Your equity is your assessed value minus the total of all encumbrances on the property. Encumbrances include any loans or liens secured by the property, such as:

  • Your primary mortgage outstanding principal balance
  • Any home equity loan or line of credit outstanding balance
  • Any other liens or encumbrances recorded against the property

Formula: Assessed Value − Total Encumbrances = Equity

Example:

  • Assessed value: $400,000
  • Primary mortgage balance: $250,000
  • Home equity loan balance: $25,000
  • Total encumbrances: $275,000
  • Equity: $400,000 − $275,000 = $125,000

If you own the property free and clear with no mortgage or other encumbrances, your equity equals your full assessed value.


Step 7: Calculate the Rate of Return

Formula: (Net Income ÷ Equity) × 100 = Rate of Return %

Example: ($10,000 ÷ $125,000) × 100 = 8%


What Your Rate of Return Means

The rate of return figure this worksheet produces tells DC RAD how your rental income compares to the value of your investment after accounting for debt. A few things worth understanding:

It is based on assessed value, not market value. DC OTR's assessed value may be higher or lower than what your property would actually sell for. This can affect your rate of return in either direction. If your property is assessed well below market value, your rate of return will look higher than it actually is in economic terms. If it is assessed above market value, the opposite is true.

It matters if you ever need a hardship increase. DC rent control allows you to petition for a hardship rent increase if your rate of return falls below a certain threshold. A higher rate of return on paper makes it harder to claim hardship, even if your actual investment returns tell a different story. If this is a concern, consult with an attorney familiar with DC rent control law before making decisions about future rent increases.

It is a snapshot, not a guarantee. The rate of return you report reflects one 12-month period. It will change as your assessed value, mortgage balance, income, and expenses change over time.

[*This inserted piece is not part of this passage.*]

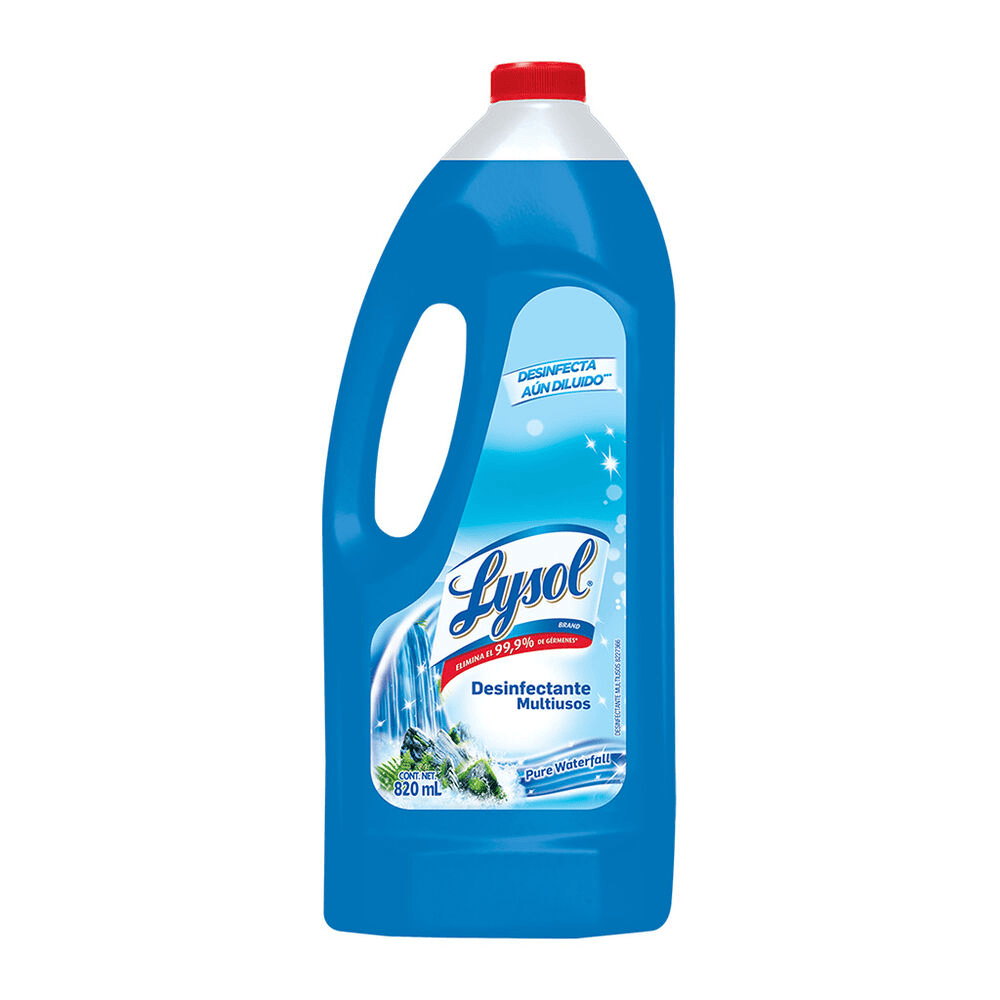 LYSOL DESINFECTANTE 14/820 ML AQUA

Quick Reference: Documents to Have on Hand

Before you begin, make sure you have the following:

  • DC OTR property assessment (mytax.dc.gov)
  • Mortgage statement showing outstanding balance and interest paid during the reporting period
  • Form 1098 from your lender (annual mortgage interest statement)
  • Records of all rental income received during the reporting period
  • Receipts or records for all operating expenses during the reporting period
  • Records of any additional encumbrances (home equity loans, liens, etc.)

This article applies to DC Rent Registry filings only. Tax and legal questions about your rental property should be directed to your attorney or accountant.